A place of superlatives with mind-blowing proportions — 277 miles long, up to 18 miles wide and over a mile deep — the Grand Canyon is rightly on many travelers' must-see lists. Because it is one of the most-visited tourist attractions in the U.S., it's also a place where trips have to be mapped out carefully for a good experience. Here are six things to know about visiting the Grand Canyon's South Rim.

1. Drive in via Desert View Road.

Most travelers arrive via the South Entrance but if you can, try to come through the Desert View Point, which offers a scenic, 20-minute drive towards Grand Canyon Village. This is the only road you can drive along the rim. Past Grand Canyon Village, there's a shuttle system that takes visitors along the edge of the canyon.

2. Timing is everything.

Heat and crowds make the Grand Canyon all but unbearable during July and, especially, August, so try to avoid those times and travel instead in the spring or fall. You will never be alone at the South Rim, but crowds will be decidedly less.

Once there, try to time your hikes against the flow: everyone rushes to Desert View for sunset, for example, but the sheer scope of the canyon allows for exquisite sunset viewing from pretty much anywhere. A great spot is Pima Pont, the second-to-last stop on the Red Line shuttle.

When hiking along the rim, you will encounter crowds near the scenic view points that have a parking lot or a shuttle stop, but in between – the ones where you have to walk – you will have stretches that are basically deserted.

3. High-end accommodations are not available.

Grand Canyon Village feels like an airport-meets-a-college-campus, with different clusters of lodges, restaurants, cafés and gift shops. The historic El Tovar (www.grandcanyonlodges.com) hotel, built in 1905, that sits in prime position at the very end of the village near the Rim Trail is the most upmarket of the offerings. It has just 78 rooms and books way in advance. If you can score a room here, take it. None of the other accommodations come close to this hotel's ambience and its restaurant is also the most upscale.

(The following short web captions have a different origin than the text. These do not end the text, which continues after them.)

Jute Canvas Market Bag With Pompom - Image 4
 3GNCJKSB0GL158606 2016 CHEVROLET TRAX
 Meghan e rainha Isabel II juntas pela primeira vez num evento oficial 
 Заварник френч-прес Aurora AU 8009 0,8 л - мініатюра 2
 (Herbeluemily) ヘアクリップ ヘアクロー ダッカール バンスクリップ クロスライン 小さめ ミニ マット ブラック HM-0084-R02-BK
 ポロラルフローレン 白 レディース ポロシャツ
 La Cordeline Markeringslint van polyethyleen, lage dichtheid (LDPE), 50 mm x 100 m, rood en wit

If El Tovar is booked, which it often is, the cabins at the Bright Angel Lodge (www.grandcanyonlodges.com) are the next most-desirable accommodations. They are in the middle of everything and there will be crowds outside your window all throughout the day, but the views here cannot be beat. Kachina and Thunderbird lodges are low-rise concrete constructions and the Maswik Lodge, a five-minute walk away from the rim, has motel-style rooms. In the end, the Grand Canyon lodges book up regardless of service and amenities, so the more in advance you can reserve, the higher your chances you will score a nicer room or cabin.

4. Day hikers will be bored after one day.

Day hikers have two options at the Grand Canyon: they can walk along the rim, which is spectacular with breathtaking drop offs and lots of photo opportunities, as well as long (13 miles), but it's not exactly hiking through rugged terrain, as it's mostly a walk along a paved trail.

Alternatively, hikers can choose one of the trails that snakes down into the canyon, like Bright Angel or South Kaibab, both of which are exhilarating but only whet your appetite to go further. Countless signs warn hikers not to tempt to climb to the bottom of the canyon and back out in a single day: hikers have died from dehydration and exhaustion (it takes about 3 hours to get to the bottom and more than 6 to come back up).

Ultimately, there are no satisfying, longer day hikes that take you through very different terrain, as you find in Zion or Bryce, so once you have had your share of rim photos, you are ready to either move on to an overnight hike into the canyon or to keep driving to the next stop along your road trip.

5. Overnight hikes need to be planned way in advance.

The hiking on the bottom of the Grand Canyon is considered some of the most exciting terrain of the southwest. To stay in the historic Phantom Lodge (www.grandcanyonlodges.com) on the bottom between the South and North Rims, you have to book well in advance (up to one year).

Phantom Ranch has small wooden and stone cabins with bunk beds and a small bathroom. Accommodations are very rustic and bare-bones, but the location at the bottom of the canyon on the Colorado River is incredible. Breakfast is served, and you can purchase box lunches. Dinner, usually stew, is served in the evening. Some of the bathrooms have hot water but some don't.

Indagare Tip: The Canteen has strict hours, so you have to bring down your own snacks or else it's possible to go hungry for hours until it opens for dinner.

6. Have a sense of humor – you're at the Grand Canyon.

Fair warning: the mushy food in some of the cafeteria-style restaurants will remind you of your college days; you will be given a beeper (classy) that starts bouncing around when your table is ready (even at breakfast); and the abundant gift shops will play a grating soundtrack of Native American flute music. But keep a sense of humor about the parts that feel like Grand Canyon Disneyland – or ignore them – because once it's just you and the canyon, you will experience moments of great awe and humility.

Spend time in the Kolb Studio, dedicated to the work of the Kolb Brothers, photographers of the Grand Canyon around 1900, whose black-and-white works are fascinating. Walk along the Trail of Time, which details the geological evolution of the billion-plus-year-old canyon. Visit the hard-working mules that carry visitors up and down the canyon (they have their own chiropractor on staff). And take in such prime viewing spots as Mather Point and South Kaibab Trailhead to marvel at the multi-hued layers of rock and time of this magnificent place.

There's no right or wrong way to do the Grand Canyon: some people treat it as a drive-by photo op; some spend a night and walk around the rim; and others look into the great abyss and see the challenge to return.